Dilaporkan oleh AI Gambar dihasilkan oleh AI Fakta terverifikasi

Dems di Komite Pengawasan DPR pada 12 November 2025 melepaskan tiga email dari perkebunan Jeffrey Epstein yang merujuk Presiden Donald Trump. Pesan-pesan itu, bertanggal 2011, 2015, dan 2019, telah memperburuk bentrokan partisan saat DPR berkumpul kembali setelah pemadaman rekor dan baru dilantiknya Rep. Adelita Grijalva menambahkan tanda tangan ke-218 pada dorongan bipartisan untuk memaksa voting atas pengungkapan file Epstein yang lebih luas. Gedung Putih menolak pelepasan itu sebagai fitnah yang dimotivasi politik.

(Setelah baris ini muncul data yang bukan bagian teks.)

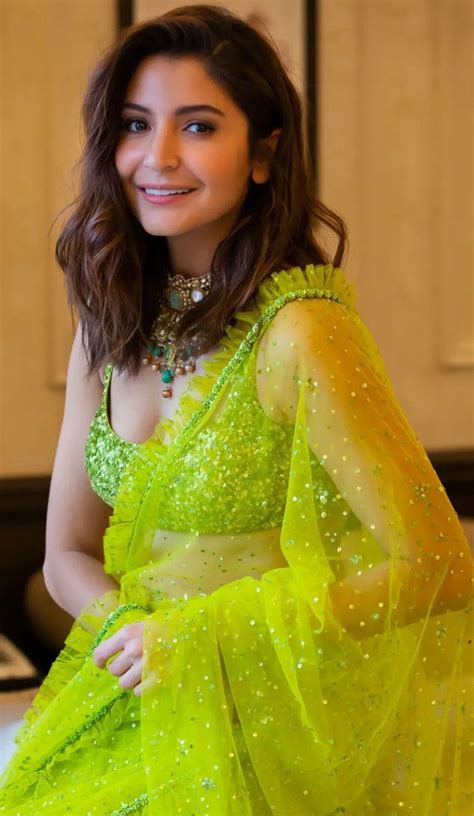 Anushka Sharma Is A Sight To Behold In A Lime Green Tulle Saree For Diwali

Komite Pengawasan DPR telah memilih untuk merekomendasikan agar mantan Presiden Bill Clinton dan mantan Menteri Luar Negeri Hillary Clinton dianggap menghina Kongres karena menentang surat perintah terkait penyelidikan Jeffrey Epstein. Republikan berargumen bahwa Clintons menghalangi penyelidikan, sementara Demokrat menyebutnya politik partisan. Masalah ini kini menuju ke DPR penuh untuk persetujuan.

Dilaporkan oleh AI

Ketua Komite Pengawasan DPR James Comer menolak usulan menit terakhir dari mantan Presiden Bill Clinton dan Hillary Clinton untuk menghindari tuduhan penghinaan Kongres terkait penyelidikan Jeffrey Epstein. Keluarga Clinton gagal hadir pada deposisi yang dijadwalkan, memicu potensi voting sejak Rabu. Comer menolak tawaran mereka sebagai tuntutan tidak wajar untuk perlakuan khusus.

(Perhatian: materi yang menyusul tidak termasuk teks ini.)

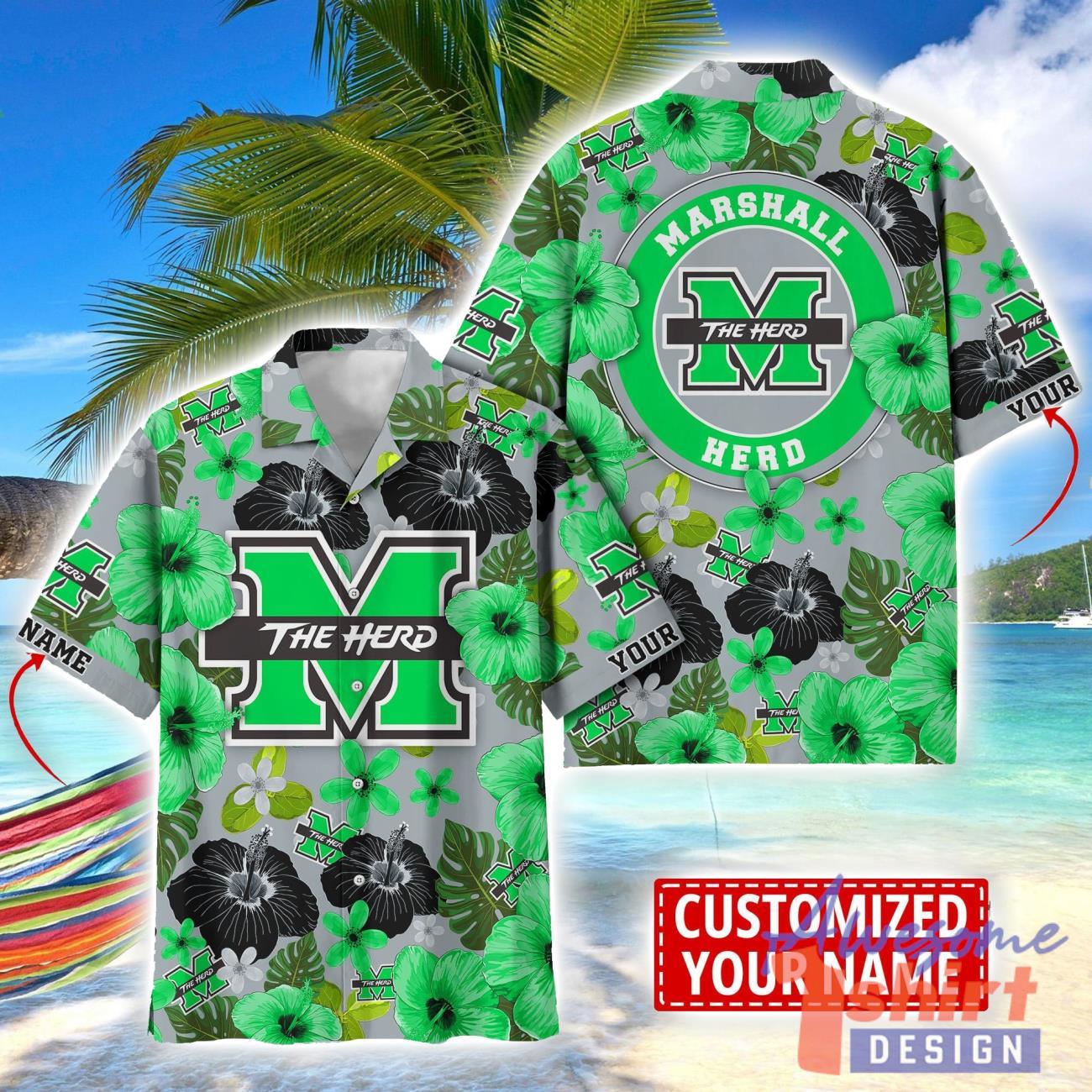 Marshall Thundering Herd Flower Hawaii Shirt Big Logo Team Floral Hawaiian Shirt Custom Name Gift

Pelepasan sebagian berkas penyelidikan Jeffrey Epstein oleh Departemen Kehakiman AS pada 19 Desember 2025 mencakup foto-foto yang belum pernah dirilis sebelumnya menunjukkan mantan Presiden Bill Clinton bersama selebriti Kevin Spacey, Michael Jackson, dan Diana Ross, disertai gambar yang melibatkan Epstein sendiri, di tengah redaksi berkelanjutan untuk melindungi korban.

Dilaporkan oleh AI

Setelah pelepasan parsial awal file Jeffrey Epstein pada 19 Desember, DOJ menghapus lebih dari selusin dokumen dari situs webnya selama akhir pekan, memicu kritik lebih lanjut dari kedua partai. Wakil Jaksa Agung Todd Blanche membela tindakan tersebut di 'Meet the Press' NBC sebagai hanya untuk perlindungan korban, di tengah tuduhan pelanggaran hukum dan penyembunyian politik.

Presiden Donald Trump mengatakan dia berencana menggugat penulis Michael Wolff dan mempertimbangkan gugatan terpisah terhadap warisan Jeffrey Epstein, menuduh Wolff dan Epstein 'berkonspirasi' untuk merusaknya. Trump membuat komentar tersebut saat berbicara dengan wartawan di atas Air Force One saat perhatian tertuju pada kumpulan rekaman baru Departemen Kehakiman terkait Epstein.

Dilaporkan oleh AI

Jaksa khusus mantan Jack Smith membela penyelidikannya terhadap Presiden Donald Trump selama sidang Kontite Kehakiman DPR yang kontroversial pada 22 Januari 2026. Republikan menuduh penyelidikan itu bias politik dan kelebihan wewenang, sementara Demokrat memuji kepatuhan Smith pada fakta dan hukum. Kesaksian itu menandai penampilan publik pertama Smith dalam masalah itu setelah dua dakwaan dibatalkan menyusul kemenangan pemilu Trump.

 

 

 

Situs web ini menggunakan cookie

Kami menggunakan cookie untuk analisis guna meningkatkan situs kami. Baca kebijakan privasi kami untuk informasi lebih lanjut.